Next day was grey and threatened rain, so we had planned indoor activities. The first was the museum of Scottish lighthouses at Fraserburgh. Chris visited this while I went to the local heritage museum next door, which had really excellent and thoughtfully displayed exhibits covering the towns history and its inextricable links with fishing. This photo of the Herring fleet in the 1880’s was really striking.
It was a hard life for many. The men followed the Herring fleets and were away for months. The women fished at home, and did everything else too! I loved the description of the women who, if they had any spare fish, would walk to nearby towns carrying a heavy basket of fish on their backs, to barter for eggs or butter. So as not to waste time, they would knit as they walked!!

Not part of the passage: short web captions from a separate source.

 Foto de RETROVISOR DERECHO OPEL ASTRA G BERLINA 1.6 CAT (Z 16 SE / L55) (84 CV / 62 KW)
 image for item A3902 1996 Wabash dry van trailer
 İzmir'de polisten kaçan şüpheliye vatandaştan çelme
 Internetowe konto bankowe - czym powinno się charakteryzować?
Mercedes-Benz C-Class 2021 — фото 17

It was well planned for children too… on a replica ship you could winch in a creel of herring and sort them into barrels… I quite fancied a go but was about 50 years too old, so I gave it a miss! The stories of local people were very moving. These particularly caught my eye, so I’ve included them for you to read if you wish.

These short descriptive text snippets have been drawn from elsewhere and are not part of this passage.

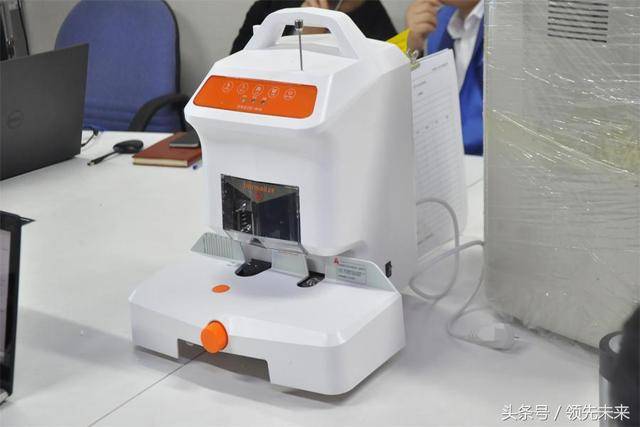 盆景辦公設(shè)備廠家攜手領(lǐng)先未來，共筑產(chǎn)品與技術(shù)培訓(xùn)新篇章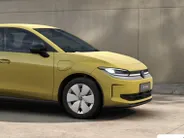 Volkswagen ID. Polo Trend 37 kWh 116 pk · Parkeersensoren achter · Multimedia met beeldscherm ·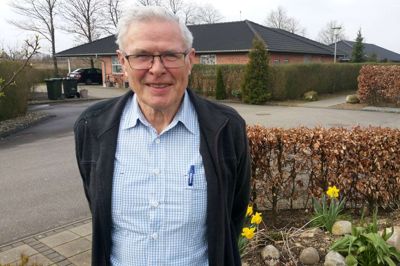 Stilen er ens hos Henning Salling-Poulsen og hans naboer i Stenbjergkvarteret i Snejbjerg. Her holder man sig til levende hegn i enten bøg eller liguster. Plankeværk og cementhegn i skel er ikke brugt.?foto: jesper wind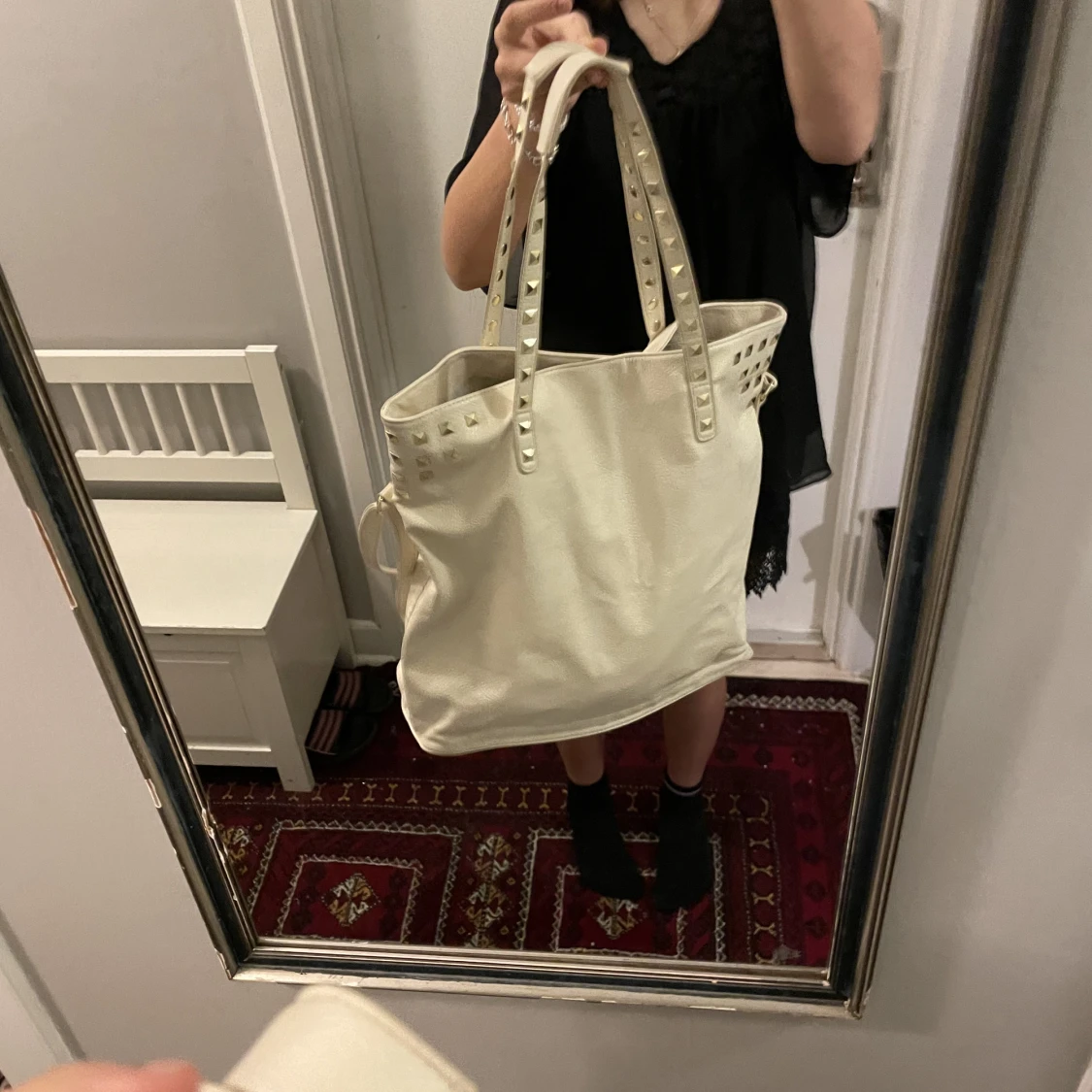 Väska med nitar - 91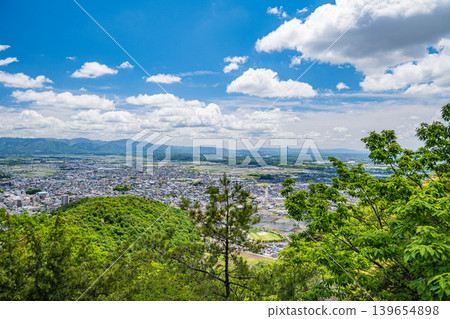 View of the Omi Plain from the Akagami-yama (Tarobo-yama) observation deck, Higashiomi City, Shiga Prefecture 139654898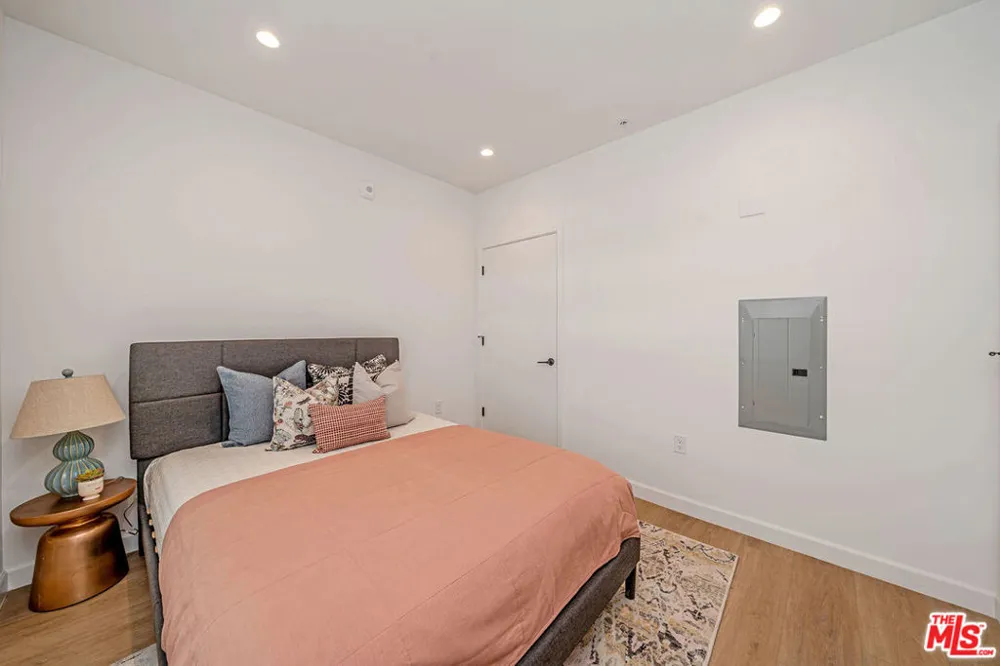 321 S Oxford Avenue #606 Los Angeles, CA 90020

It still hadn’t rained, so we changed plans and went for a walk at the rspb reserve at Loch Strathbeg, where we saw Spoonbill, a rare visitor here. Then, heading south, we bypassed Aberdeen and went to the wonderful Dunnlottar castle, probably the most impossibly sited fortification we have seen.

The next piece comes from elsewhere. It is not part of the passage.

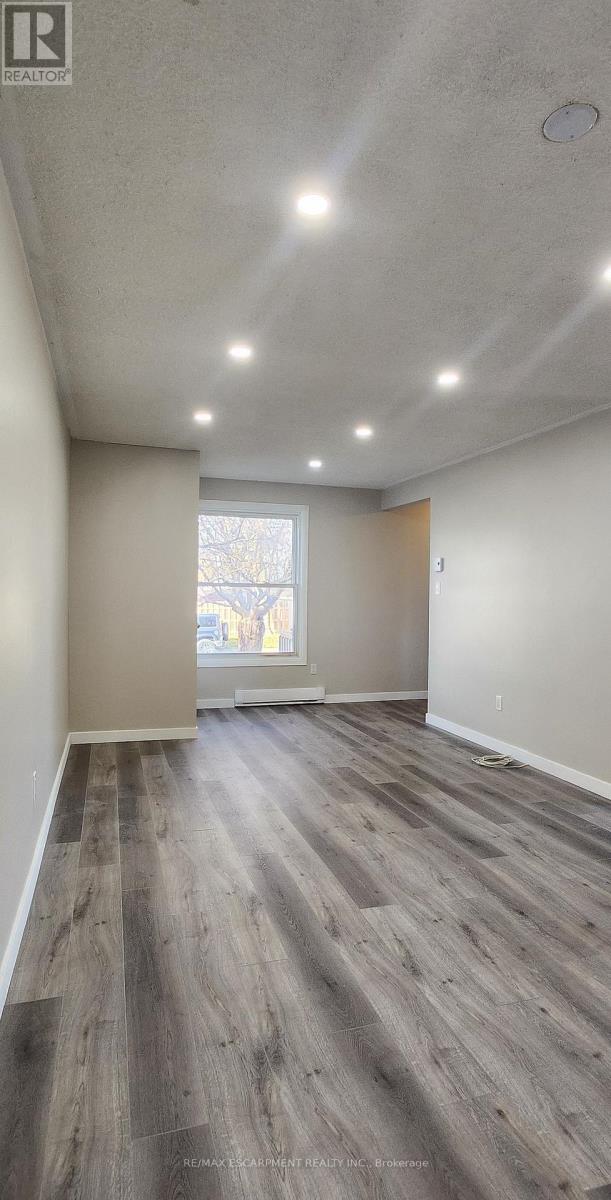 25 Sheldon Street, Brantford, Ontario  N3T 6C2 - Photo 3 - X12573108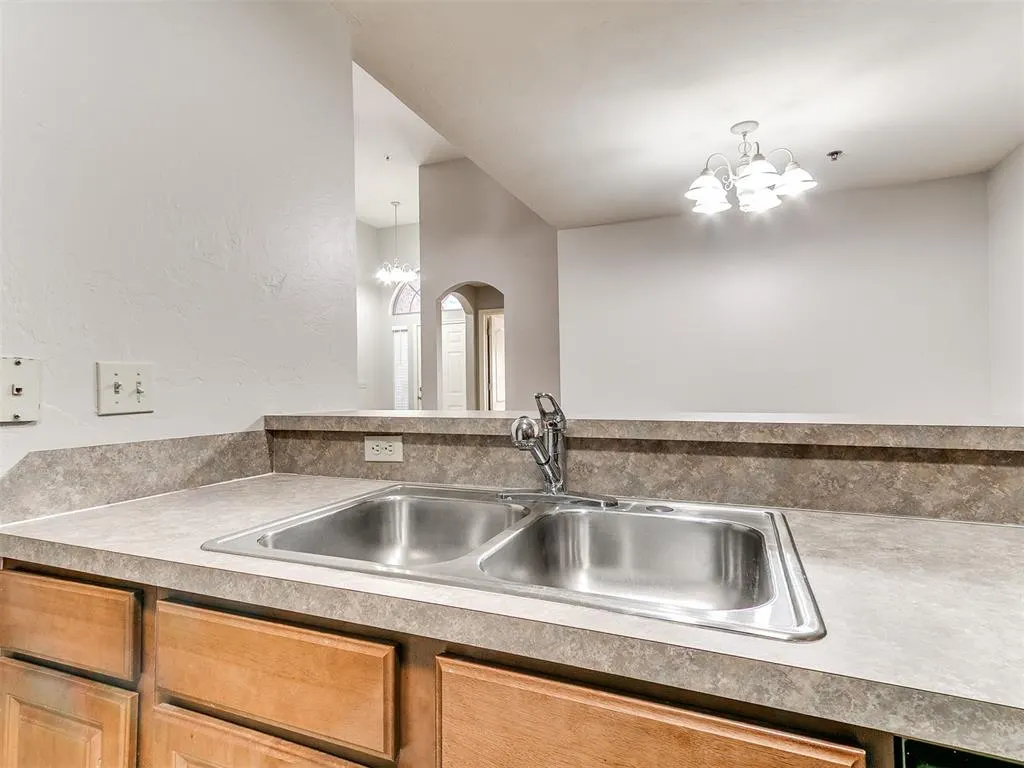 Photo 22 — 2634 Featherstone Road B, Oklahoma City, OK 73120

Partly ruined, but with some intact rooms, it is a fascinating castle, and takes some getting to! Surrounded by high cliffs, again thronged with nesting seabirds, and with waves crashing on the rocks all around, it is a very atmospheric place. It held out for 8 months against Cromwell’s troops, and was responsible for safeguarding the Scottish Crown jewels, which Cromwell wanted to destroy. Before the castle fell, they were smuggled out by Mrs Grainger, who then hid them in her bed!
Our stop for the night was the carpark at another RSPB reserve at Fowlsheugh, and we treated ourselves to a lovely meal out at the Creel Inn at Catterline, a tiny fishing village typical of this coast.
This chap was in the field near our overnight stop!
Another super day and a good nights sleep was followed by an early morning walk along the cliffs at the Fowlsheugh rspb reserve.
This is the largest mainland seabird colony in Scotland, and stretches for over 2 miles of cliffs where every tiny ‘des res’ ledge is occupied by either Kittiwake, Guillemot, Razorbills, Cormorant, Fulmar or Terns.
Some seem impossibly vertically perched!
Just checking out the new neighbours!
It seemed as though the cliffs, the sea and the sky were simultaneously full of birds, and the noise was incredible.Or even one of about just 20 puffin!
Then, southwards to the House of Dun, a beautifully proportioned and symmetrical georgian house designed by William Adam in 1743.
Even the interiors were symmetrical with paired doors and alcoves on each wall… although it turned out that symmetry overruled functionality at times!
The plaster work was exquisite,
although it was later found that the plasterer sometimes cheated! These were real shells from the beach that he just dipped in plaster and then stuck on!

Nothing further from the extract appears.